CustomBangSearch
CustomBangSearch copied to clipboard
Import DuckDuckGo Bangs / Presets
Would it be possible for the extension to have a bangs preset feature that allows us to easily select for instance DuckDuckGo's bangs automatically without having to add them manually?
Are there any problems with using these files / links to allow updating the presets by pulling them from DuckDuckGo directly? https://duckduckgo.com/bv2.js https://duckduckgo.com/bang.v260.js
If there aren't any problems with this, I'd be happy to work on a PR for this.
Uh, this looks really nice and helpful! I did a quick search, but couldn't find anything concerning the license or terms of use concerning these files. I could imagine that one is not allowed to use these files/mappings...
Where did you find the links to those files?
I found this link while searching for a list of !bangs. After finding that, I went to the DuckDuckGo website to see where it was getting the file from and found the additional file which references the version number.
This Firefox extension (Bangs for Google) downloads this file: https://duckduckgo.com/bang.js which looks identical and uses that, so it appears to be okay.
Should I proceed with adding this?
Those could be transformed (and filtered for relevance) with this jq query. However, I can import, but not save them.
The first part filters the array for relevance to get less entries and constructs again an array, the second part transformes it into the format that can be imported
jq '[.[] | select(.r > 200) ]|reduce .[] as $i ({}; .[$i.t] = {"id": $i.t,"url": $i.u,"pos": $i.r}) ' > result.json
edit: sorted version:
cat bang.js | jq '[[.[] | select(.r > 100) ]| sort_by(.r) | reverse | to_entries[] | .value.r=.key | .value ]|reduce .[] as $i ({}; .[$i.t] = {"id": $i.t,"url": $i.u,"pos": $i.r}) ' |sed 's/{{{s}}}/%s/g' > result.json
(select highest hundred by r, sort by r, highest first, decompose with index, replace r with the index of the element, transform, replace parameter string) Still doesn't work. Can I see the error somewhere?
@thigg Unfortunatley the error is Quota exceeded: ItemBytes, this is because it's too big to save as a single value in the sync storage (Maximum item size).
If you reduce that to just the top 30 items it saves fine (you'll have to experiment to find how many you can get).
It's possible to solve this by breaking up the bangs and saving them as several objects, but I'm unsure what exactly would be the best approach.
I'm happy to include these bangs as some sort of default in custombangsearch, perhaps the top 25?
Thanks for the elaborate answer @psidex
I am actually sure I need only 10 or something... thus I could certanly solve my issue by just adding them.
But it would be really nice, if a user could just import all or most DDG bangs.
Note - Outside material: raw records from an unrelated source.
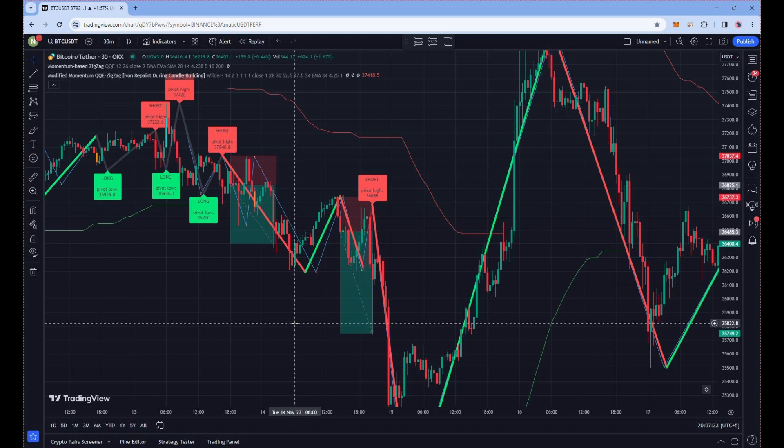Remember, not every time will the profit target be hit — sometimes you will be stopped out. There is no strategy with a 100% hit target ratio. The key is to stay consistent to a trading setup, and in the long run it will be profitable.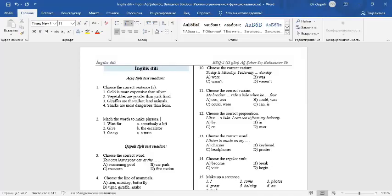Hello dear students, in this video I will explain the answers of the exam questions.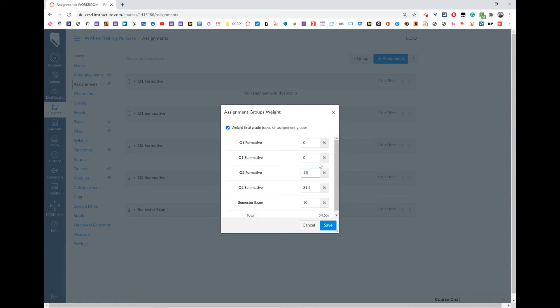We're going to have 13.5% so that quarter 2 equals 45%, and we're going to do the same for quarter 1.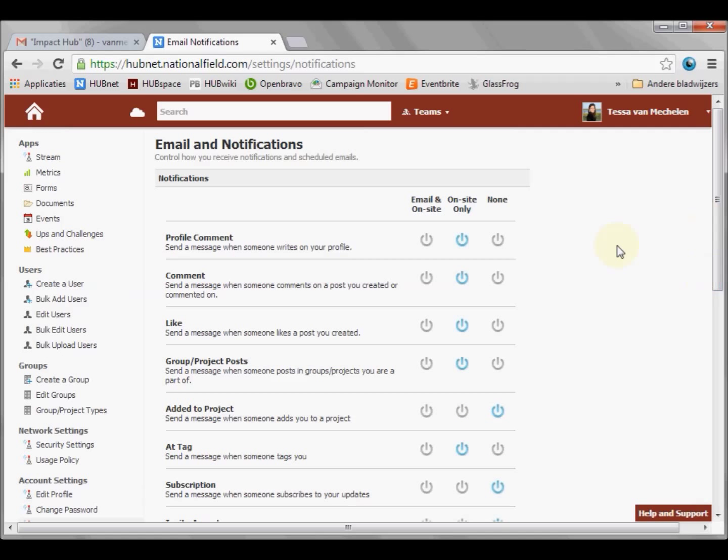There is no save button on this page. Your settings are automatically stored.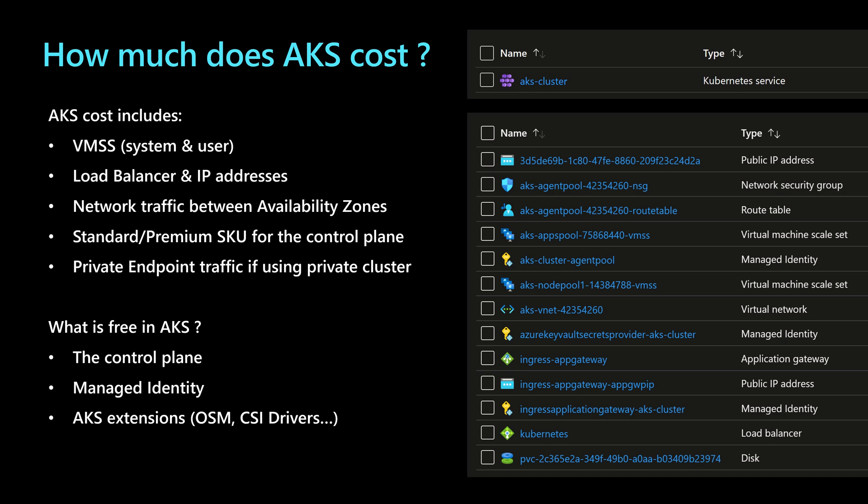The load balancer and the IP addresses, the network traffic between the availability zones, if we are using more than one availability zones, and then the standard or the premium SKU for the control plane, the private endpoint traffic, if we are using a private cluster or connecting to a private Azure services.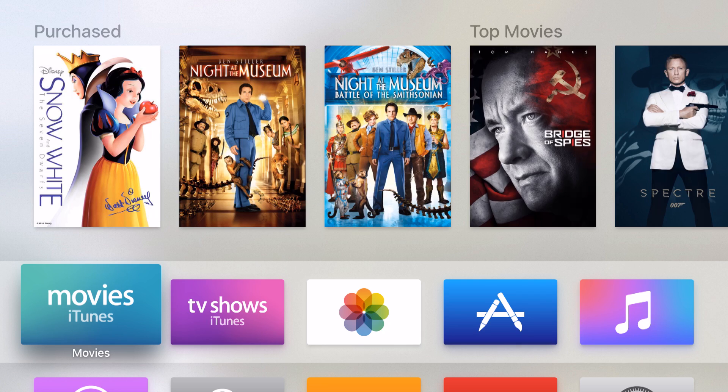What's great is this can be movies, TV shows, photos, music, and even actually mirroring the display of the device itself to the Apple TV.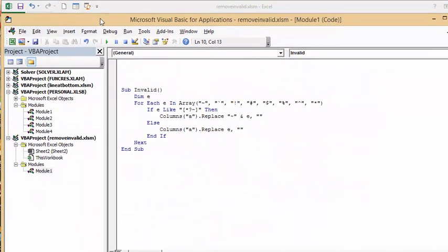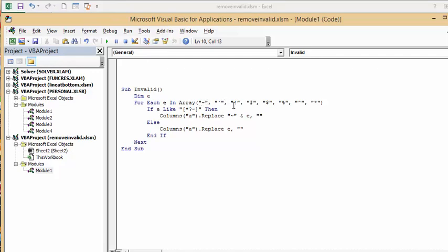So I'm calling this sub-invalid, dim equals e, and for each e, so these numbers are an array, and what we're doing is we have all the characters that we consider to be invalid separated by a comma, but with quotation marks around them.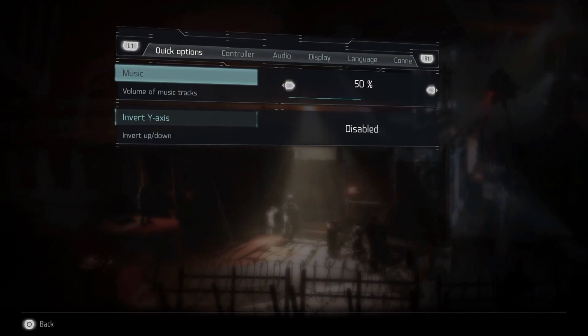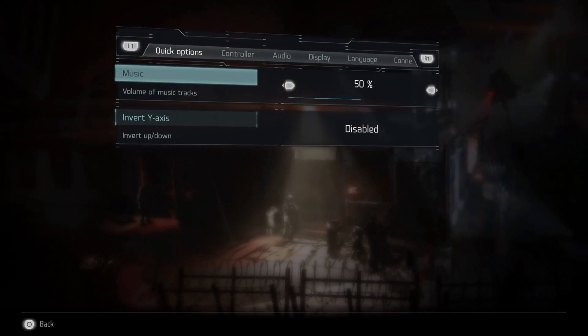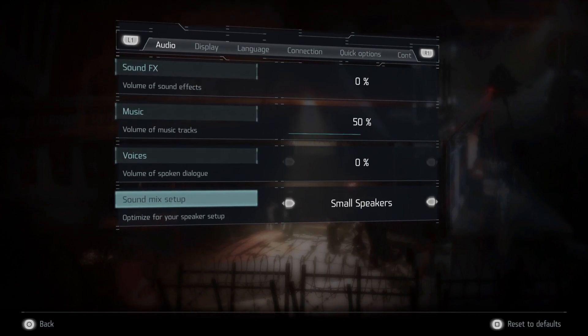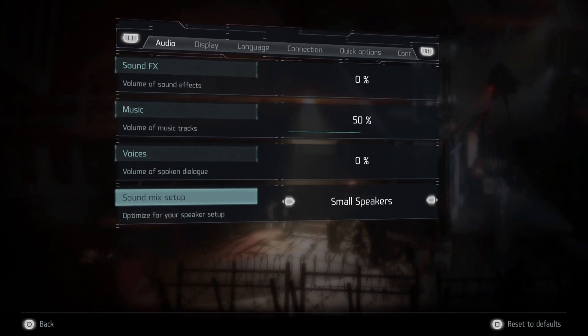First press on the option button, then press on R1 twice, then go down and use your left stick to set it to small speakers or normal.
I originally installed the plugin because I thought it is stupid that my browser goes to ddg first, but i liked the bangs already so much that i didnt want to configure that in FF directly
The sync quota are 102kb if i read that correctly, if I do curl https://duckduckgo.com/bang.js | gzip --best >> out I get a resulting 450kb. That should be around 2500 entries. would it be easy to compress the data in the sync storage first?
Another option would be to add a checkbox which enables DDG bangs and downloads and converts them to some other storage.
Maybe we could separate preset-based bangs from custom bangs and store the preset ones in just local or session storage to ignore this?
Another approach would be to be able to choose which bangs will be synced with a checkbox or something alike (and limit that to an approximate number of entries?).
The sync quota are 102kb if i read that correctly, if I do
curl https://duckduckgo.com/bang.js | gzip --best >> outI get a resulting 450kb. That should be around 2500 entries. would it be easy to compress the data in the sync storage first?
102kb is the cumulative storage quota, cbs uses a single "item" within the sync storage, so we can currently only store a max size of 8kb, which is calculated after the bangs object is passed through JSON.stringify. That's what I meant by breaking the settings up into multiple objects, probably do-able but right now we just use a single item.
Maybe we could separate preset-based bangs from custom bangs and store the preset ones in just local or session storage to ignore this?
Yeah I like this idea, having the DDG bangs locally and then maybe just having a toggle, "Enable DDG bangs" or something like that. Then the toggle could be synced as well, so no loss of sync either!
Yeah I like this idea, having the DDG bangs locally and then maybe just having a toggle, "Enable DDG bangs" or something like that. Then the toggle could be synced as well, so no loss of sync either!
This sounds very sensible. Looking forward to it :)
In the scenario where a DDG bang conflicts with a custom bang, I imagine we would use the custom one and discard the DDG one?
Hey all,
Just to leave an update for people, I'm currently working on a rewrite of custombangsearch so have decided to put this feature request on hold for now.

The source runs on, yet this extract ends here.